The house read his mind and sang, ‘When we’re through with you, when we’re through with you: you can call yourself an owner, who are but a slave, you who come and go within our walls, for all old houses are the same and think alike,’ and the photographer smiled admiringly up at the doves in the creeper, as they stirred and whirred, and only the journalist shivered and said, ‘There’s something wrong with my ears. I hear music in them, a creaky kind of music, I don’t like it at all.’
‘Wax’, said the photographer absently, ‘can sound like that.’
Julian Simley said, ‘Christ, is that ivy back again? That’s the last straw,’ which is not what you’re supposed to say when you’re telling the press a success story of restoration, or renovation, in return for a hundred-pound fee, which you desperately need, for reclaimed old brick and groceries. ‘I haven’t the head for heights I had.’
‘You fool, you fool,’ snarled the house, overhearing. ‘You pathetic weak-backed mortal. Let the ivy grow, will you? Turn me into weeds and landscape? Leave me a heap of rubble, would you! Wretched, poverty-stricken creature: grubbing around for money! You and your poor crippled wife, who’d rather fit a dresser handle than tile the kitchen floor! I’ve no more patience with you: I’ve finished with you!’ and as Julian Simley stood on a windowsill to open a mullioned pane so the photographer could get the effect of glancing light he wanted, the sill crumbled and Julian fell and his back clicked and there was his disc slipped again, and he lay on the ground, and Harriet rang for the ambulance, and House & Garden waited with them. It was the least they could do.
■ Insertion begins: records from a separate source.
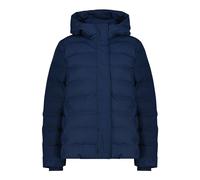 CMP Woman Padded Jacket FIX Hood blue ink (M928) 48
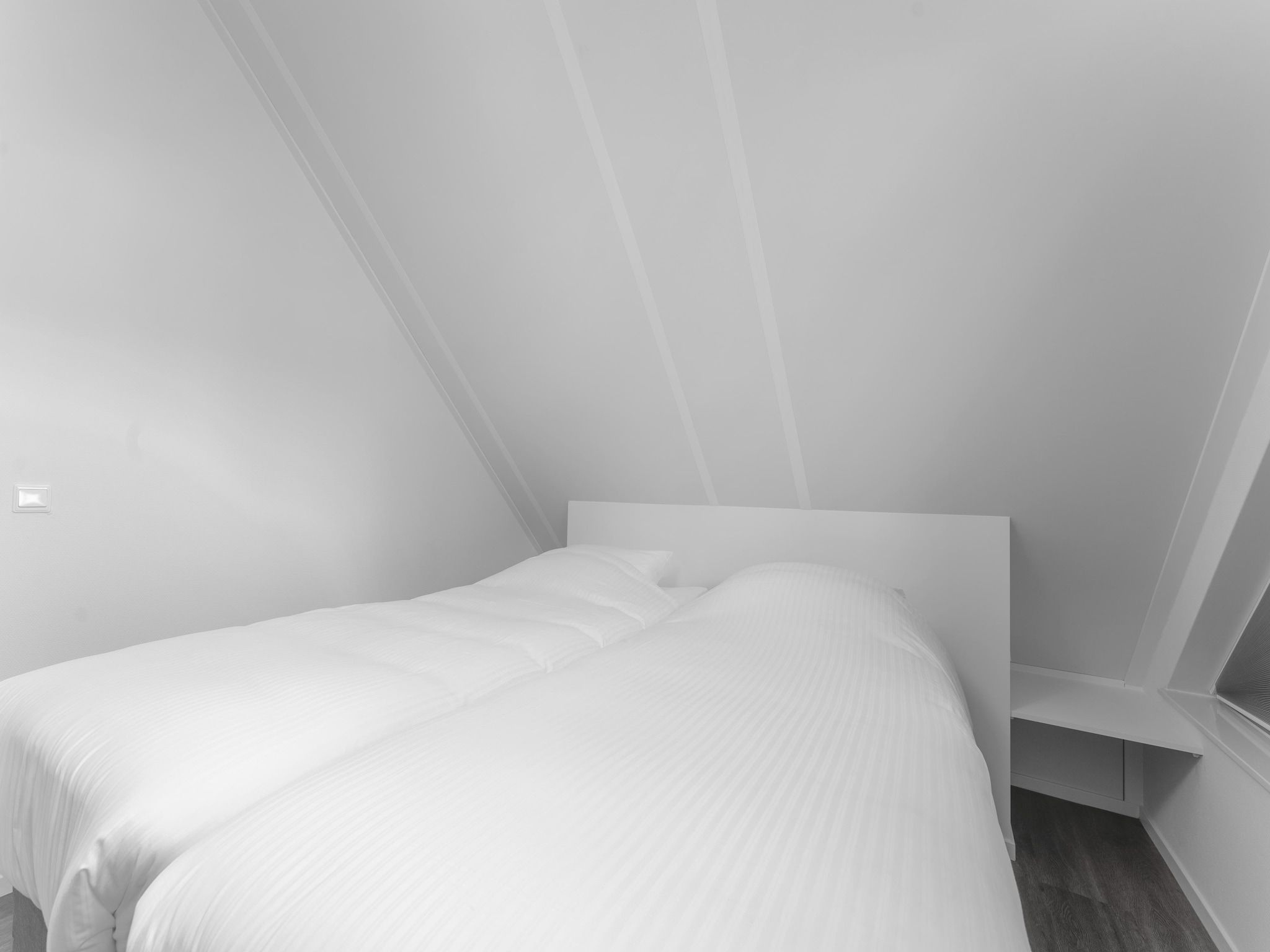 Een slaapkamer van Hart van Ruighenrode - H552 in Lochem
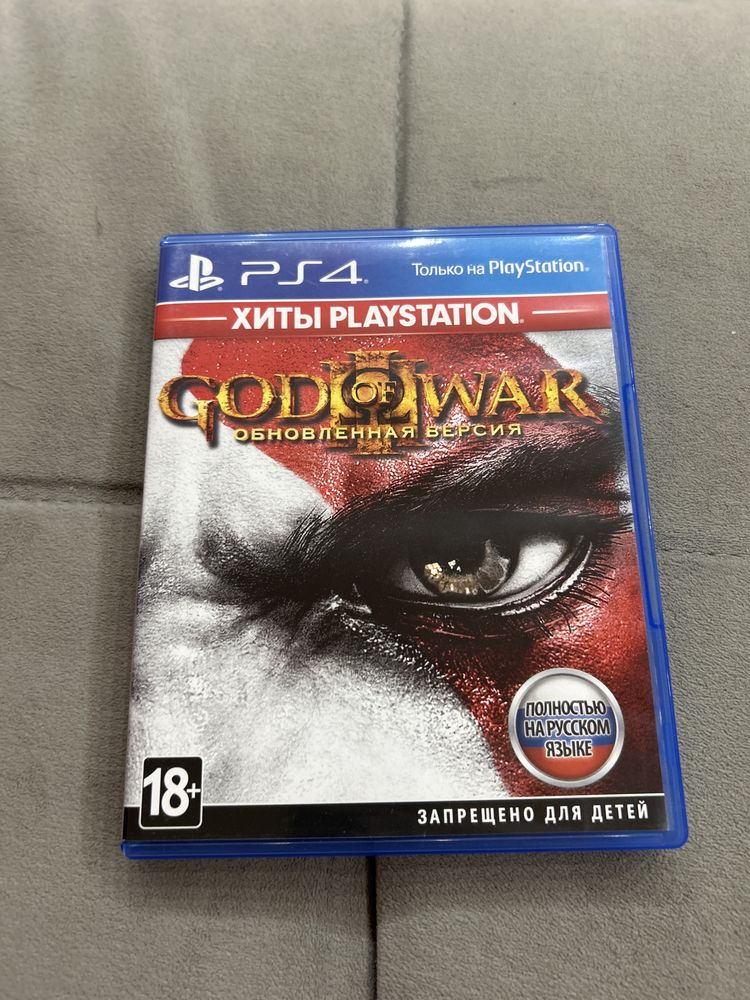 игры на PS5-PS4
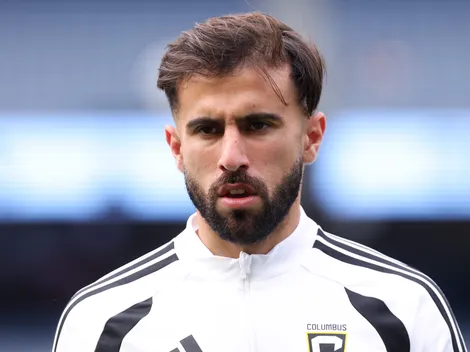 Diego Rossi señalado en su primer partido con Rayados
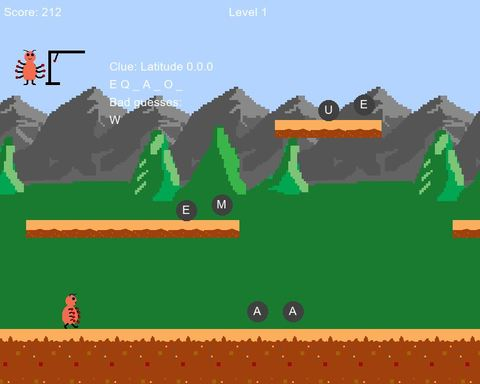 Run from the hangman (Renegade)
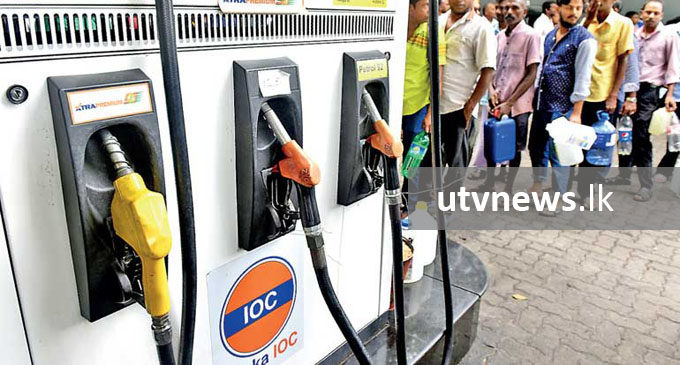 Lanka IOC revises fuel prices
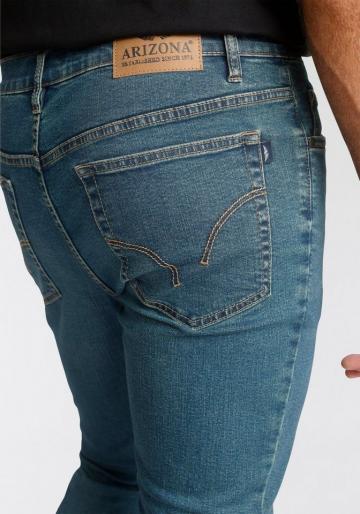 Клешеные джинсы 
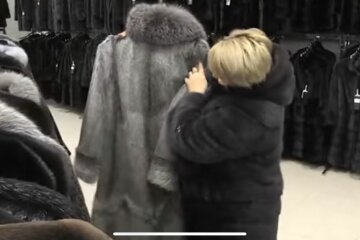 Шуба, фото: скріншот з відео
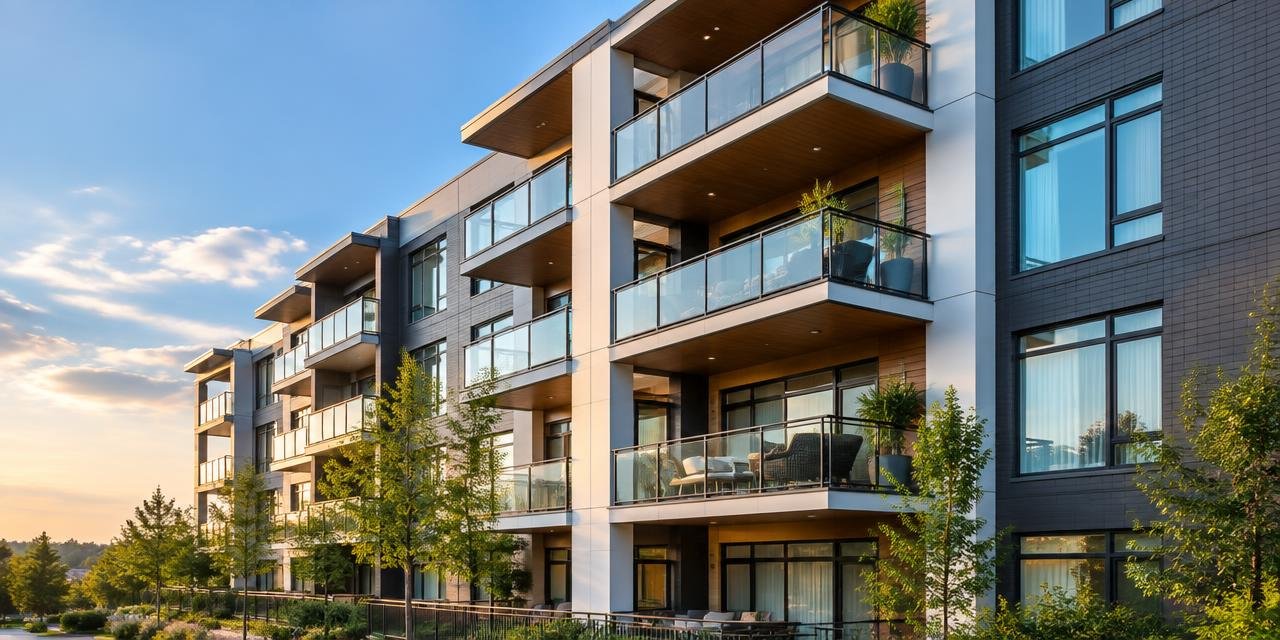 Edifício residencial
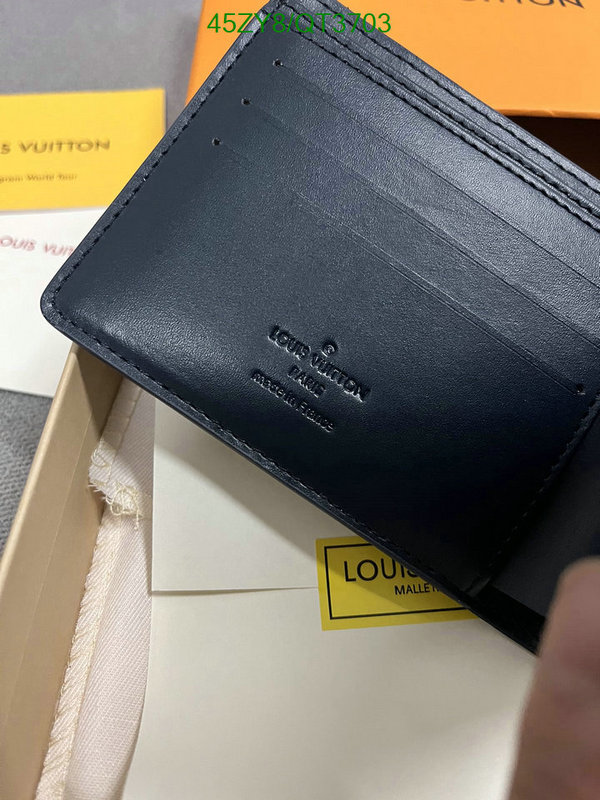 LV-Wallet-4A Quality Code: QT3703 $: 45USD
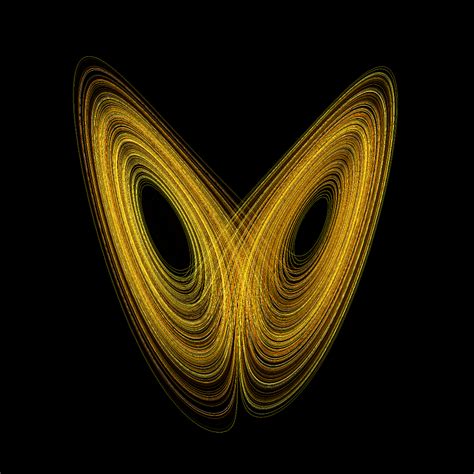 Chaos Theory The Butterfly Effect And The Computer Glitch That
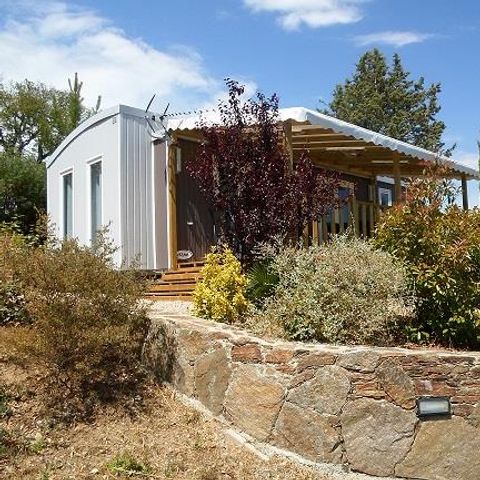 MOBILE HOME 4 people - Premium - 2 bedrooms - sleeps 4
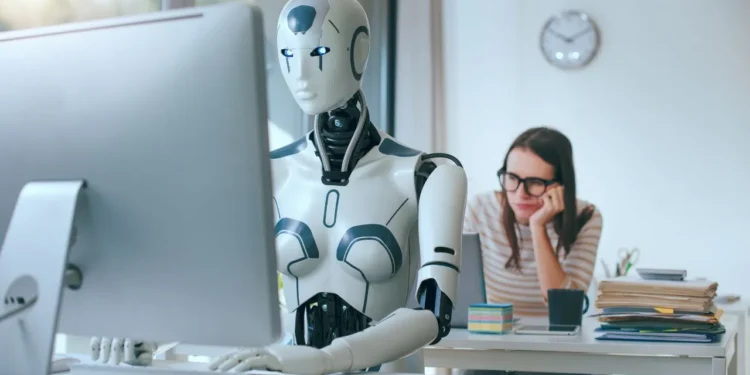 Google Study Says AI Has Reached 90% Of U.S. Jobs—But Isn't Replacing Workers Yet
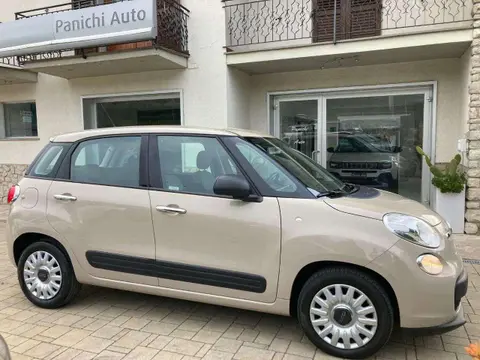 Annonce FIAT 500L Diesel 2016 d'occasion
‘He should have replaced the sill,’ thought the photographer, ‘I would have done,’ and the house hugged itself to itself in triumph.
‘We can’t manage any longer,’ said Julian to Harriet, as he lay on the ground. ‘It’s no use, we’ll have to sell, even at a loss.’
‘It’s not the money I mind about,’ grieved Harriet. ‘It’s just I love this house so much.’
‘Don’t you think I do,’ said Julian, and gritted his teeth against the stabs of pain which ran up his legs to his back. He thought this time he’d done some extra-complicating damage. ‘But I get the feeling it’s unrequited love.’ The house sniggered.
‘But how will we know the next people will carry on as we have? They’ll cover up the kitchen floor and not let it dry out properly, I know they will.’ Harriet wept. Julian groaned. The ambulance came. The journalist and the photographer drove off.
‘You want to know the secret?’ the house shrieked after them. ‘The secret of my success? It’s chew them up and spit them out! One after the other! And I’ll have you next,’ it screamed at the photographer, who looked back at the house as they circled the drive, and thought, ‘So beautiful! I’ll withdraw the offer on the rectory, and make a bid on this one. I reckon I’ll get it cheap, in the circumstances. That looked like a broken back, not a slipped disc, to me,’ and the house settled back cosily into its excellent, well-drained, sheltered site – the original builders knew what they were doing – and smiled to itself, and whispered to the doves who stirred and whirred their wings in its creepers. ‘Flesh and blood, that’s all. Flesh and blood withers and dies. But a house like me can go on for ever, if it has its wits about it.’